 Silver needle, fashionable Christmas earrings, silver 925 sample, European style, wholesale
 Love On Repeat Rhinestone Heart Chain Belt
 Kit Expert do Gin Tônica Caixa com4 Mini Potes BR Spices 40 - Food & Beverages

.....

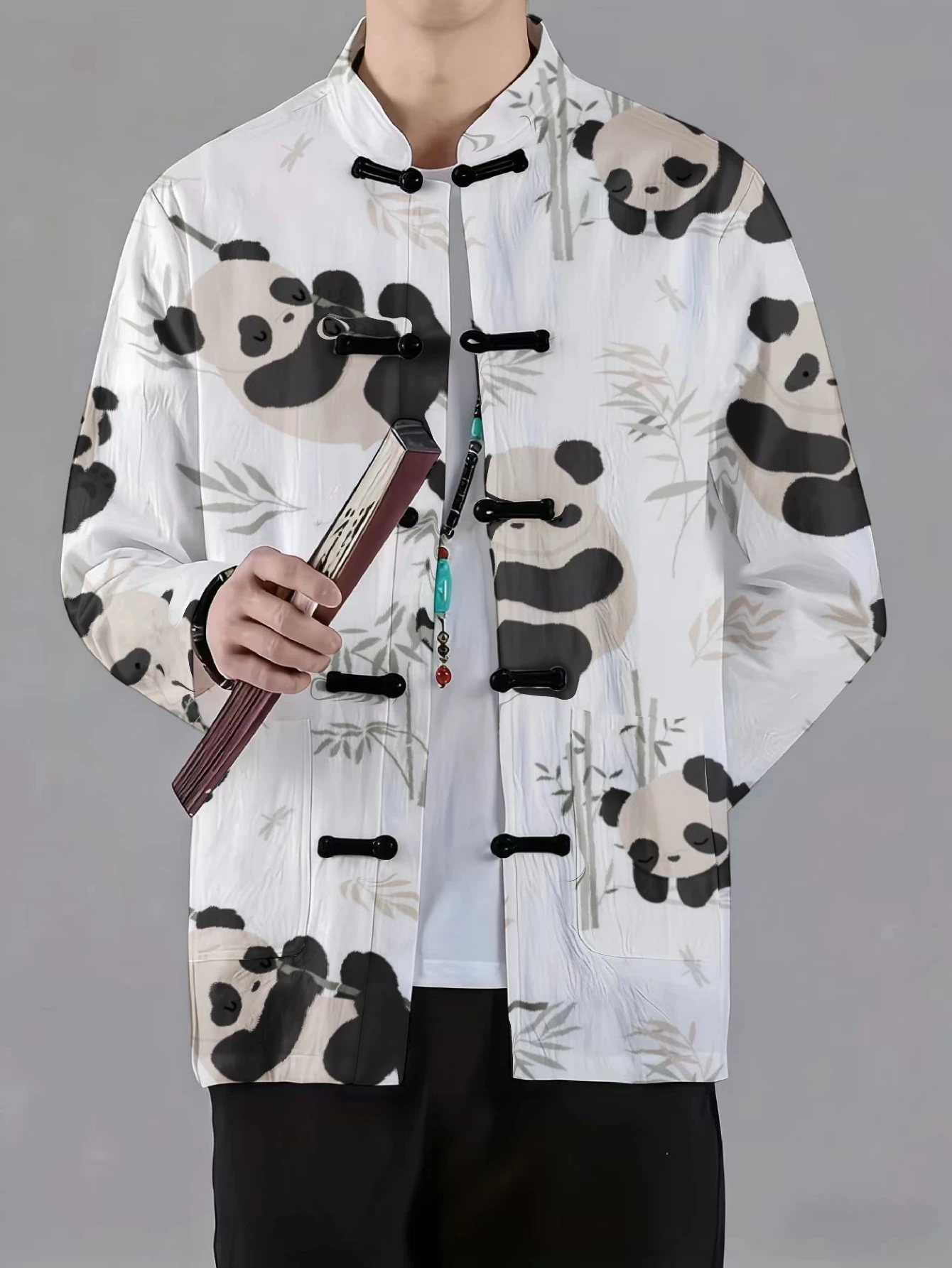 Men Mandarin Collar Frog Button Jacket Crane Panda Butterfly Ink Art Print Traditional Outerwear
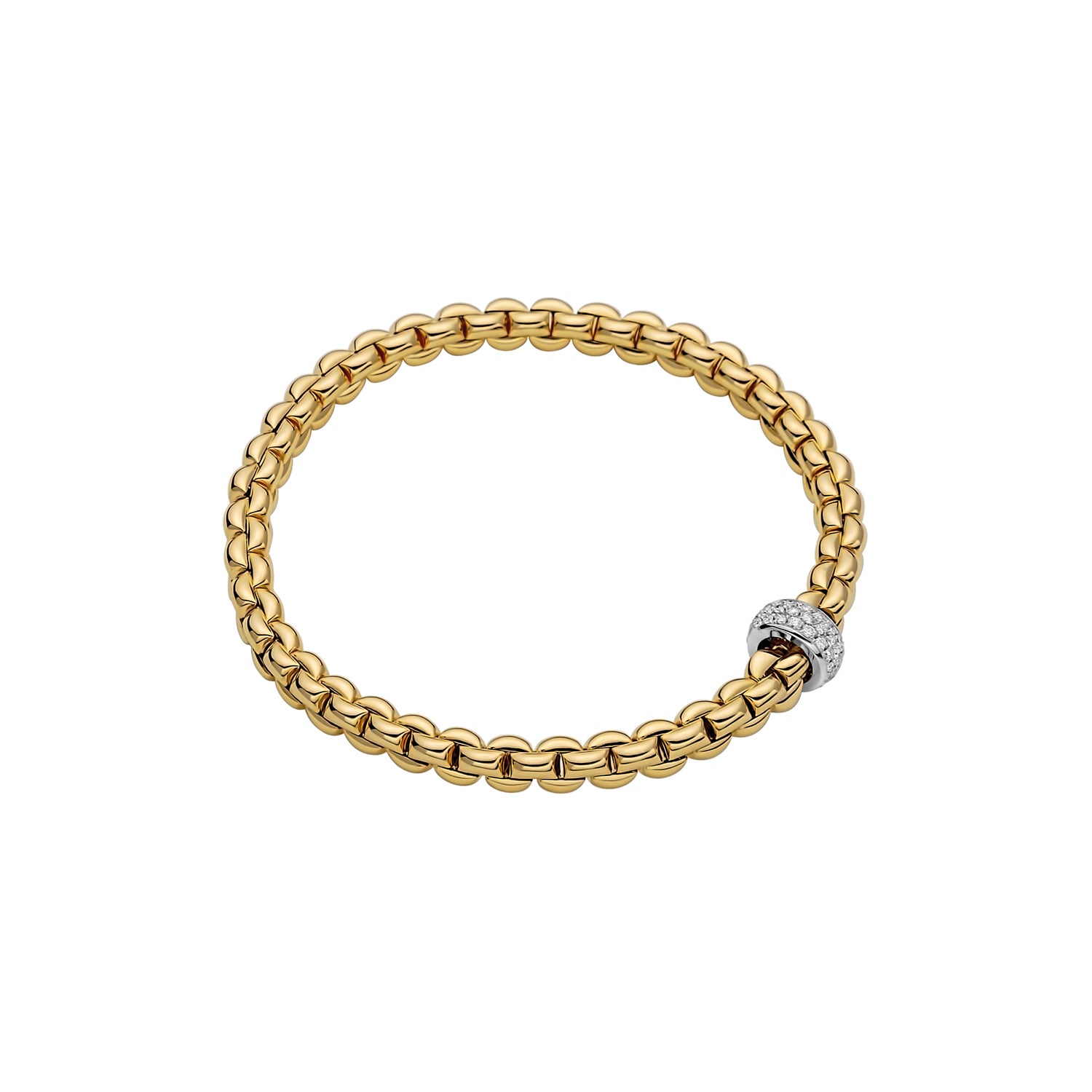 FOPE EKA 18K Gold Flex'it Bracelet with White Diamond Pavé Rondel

.....

Out of the data above, transcribe exactly and only the lines starting with the line that has "Silver needle, fashionable" and going on through the line that has "Kit Expert do", both included.

Solved problem:
 Silver needle, fashionable Christmas earrings, silver 925 sample, European style, wholesale
 Love On Repeat Rhinestone Heart Chain Belt
 Kit Expert do Gin Tônica Caixa com4 Mini Potes BR Spices 40 - Food & Beverages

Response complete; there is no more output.